Data shown
#####

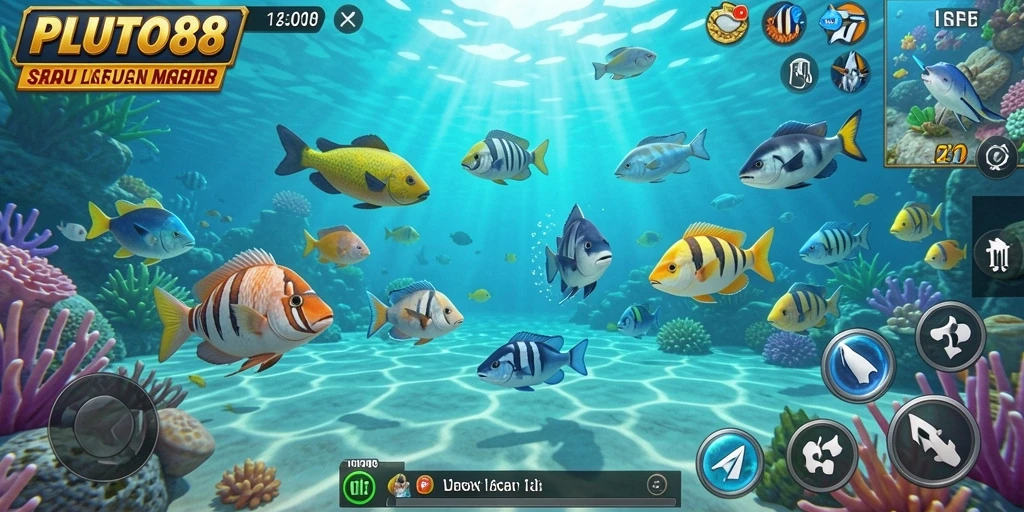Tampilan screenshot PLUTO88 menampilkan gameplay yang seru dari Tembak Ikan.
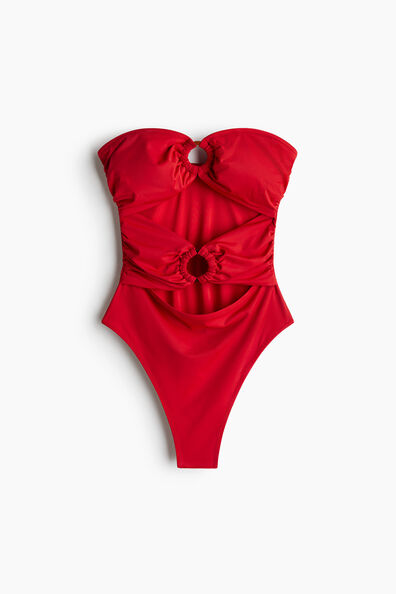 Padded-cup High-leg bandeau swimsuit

#####

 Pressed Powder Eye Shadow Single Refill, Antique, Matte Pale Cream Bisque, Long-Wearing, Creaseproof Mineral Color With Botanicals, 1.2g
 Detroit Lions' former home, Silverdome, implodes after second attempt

#####

Restate word for word the entries above, starting at the line with "Pressed Powder Eye" and ending at the line with "Detroit Lions' former", inclusive, and no others.

 Pressed Powder Eye Shadow Single Refill, Antique, Matte Pale Cream Bisque, Long-Wearing, Creaseproof Mineral Color With Botanicals, 1.2g
 Detroit Lions' former home, Silverdome, implodes after second attempt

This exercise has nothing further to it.